No interim distribution was recommended by its board. The disposal of nine properties in Austria and Slovenia, announced post reporting date, is expected to reduce loan to value (LTV) to about 42 percent from 47.8 percent, chief executive Michael Georgiou said in a statement yesterday.
In the six-month period, revenue (excluding Covid-19 effects) for the group, which has Fourways Mall among its major properties, was static at R513.21m (R511.65m). Covid-19 rental assistance came to R11.23m, well down from R100m the previous year.
Vacancies increased to 17.3 percent from 11.5 percent and were a source of concern, the group said.
Vacancies in the office space were significantly reduced due to letting concluded in the Cape Town Foreshore area. The bulk of vacancies comprise B and C-grade office space and low-rental industrial space, resulting in a vacancy by revenue of 9.5 percent.
Georgiou said the interim period had been one of further consolidation. Measures to improve sustainability included refinancing debt expiries, improving liquidity, granting sufficient rental assistance, extending current and entering into new longer-term leases when granting assistance, rebalancing the tenant mix, right-sizing tenant boxes, exploring alternative uses for space and managing costs.
Rental recoveries, as a percentage of normalised invoiced income, increased steadily with a 91.4 percent recovery for September 2021.
Non-recovered income related mainly to tenants with limited trading capabilities under lockdown level 3, such as entertainment offerings, tenants in business rescue (Ster Kinekor and Virgin Mobile), and smaller tenants still recovering from the effects of Covid-19 on their businesses.
Above-inflation increases in rates and municipal charges as well as increased cost of debt continued to be of concern.
The weighted average lease expiry (WALE) remained strong at 5.9 years (4.9 years excluding the offshore portfolio), but the strong lease expiry profile came at a cost with Covid-19 rental assistance granted to tenants as well as rental reversions on renewal of leases.
“We believe the impact of Covid-19 going forward is starting to dissipate.

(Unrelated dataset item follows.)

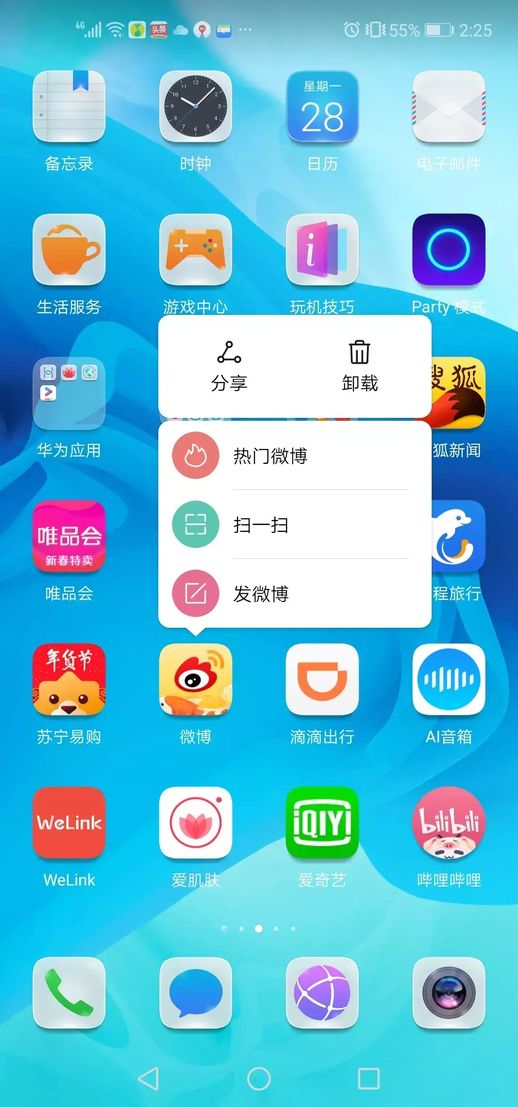 手机隐藏功能_vivo手机隐藏功能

While the portfolio continues to recover in terms of trading and foot count, we believe it will be another 12 to 18 months before these settle at pre Covid-19 levels. The under-performing economy also continues to persist as a risk with consumer spending,” Georgiou said.
He said the Fourways node remained resilient and this had been evidenced by the positive trading seen at the group’s smaller centres.
“We believe this positive trading will soon include the much bigger retail destinations such as the Fourways Mall super-regional shopping centre.”
The group’s nodal strategy and specifically positive trading at its community centres had buoyed performance, but adjusted level 4 restrictions had still impacted on restaurant sales, entertainment and liquor trade during the period.